- [SUPPLIED DATA]

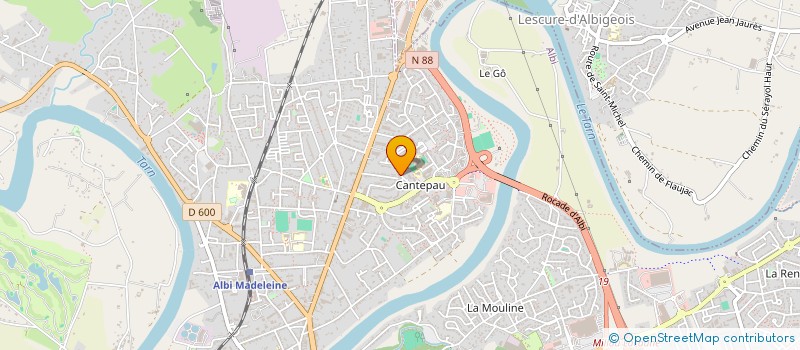 localisation de l'entreprise MONSIEUR KILIANN GROUSSET à ALBI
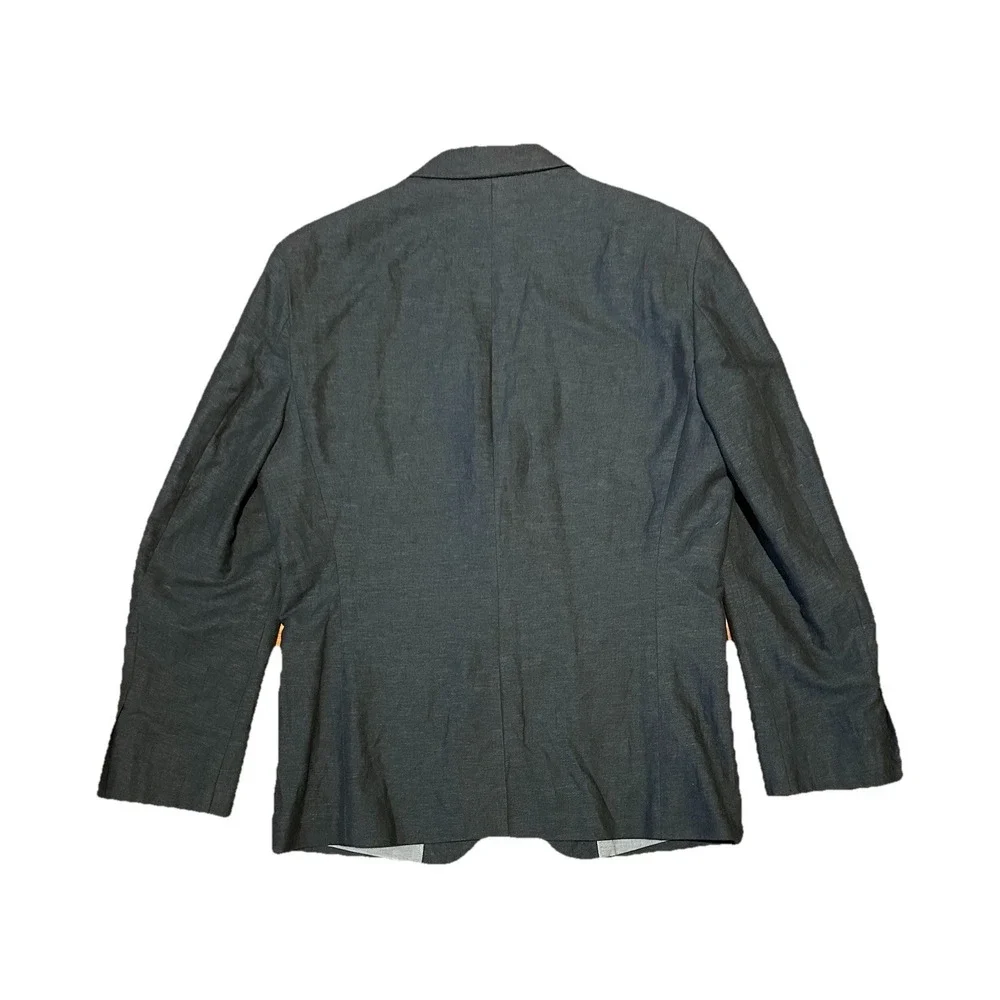 Banana Republic Blazer Linen Cotton Blend Navy Blue Jacket 42R‎ Tailored Fit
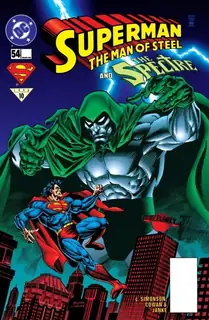 Cover of Superman: The Man of Steel #54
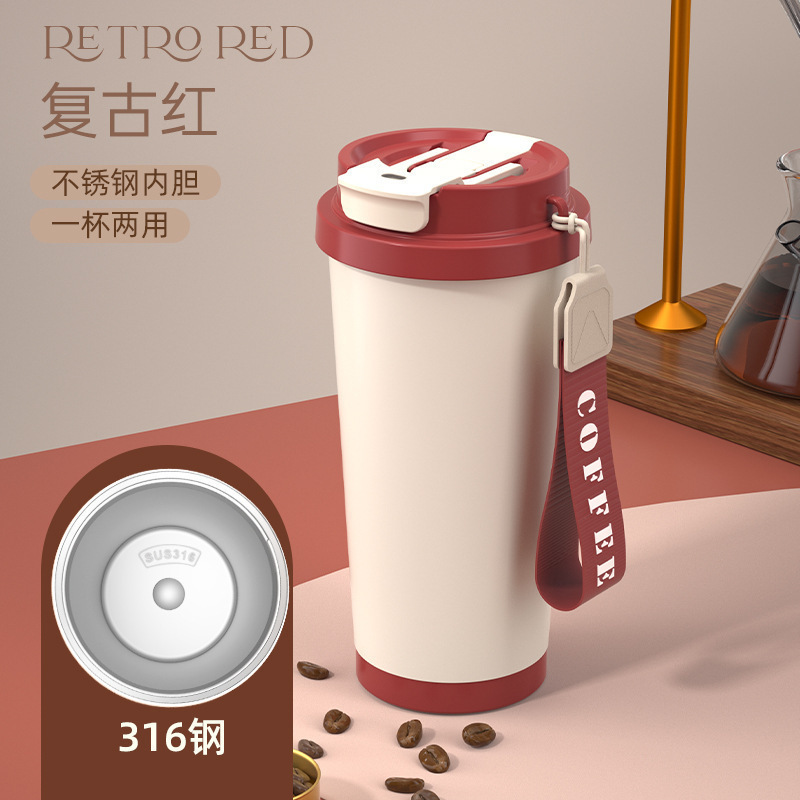 Picture of Intelligent Display Temperature Coffee Cup 316 Stainless Steel Car Vacuum Thermos Cup High Color Value Portable Water Cup for Male and Female Students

- [YOUR GOAL] No pictures should appear in the copy. Reproduce exactly the lines from the line containing "Banana Republic Blazer" through the last line of the data, inclusive.

- [REPLY]
 Banana Republic Blazer Linen Cotton Blend Navy Blue Jacket 42R‎ Tailored Fit
 Cover of Superman: The Man of Steel #54
 Picture of Intelligent Display Temperature Coffee Cup 316 Stainless Steel Car Vacuum Thermos Cup High Color Value Portable Water Cup for Male and Female Students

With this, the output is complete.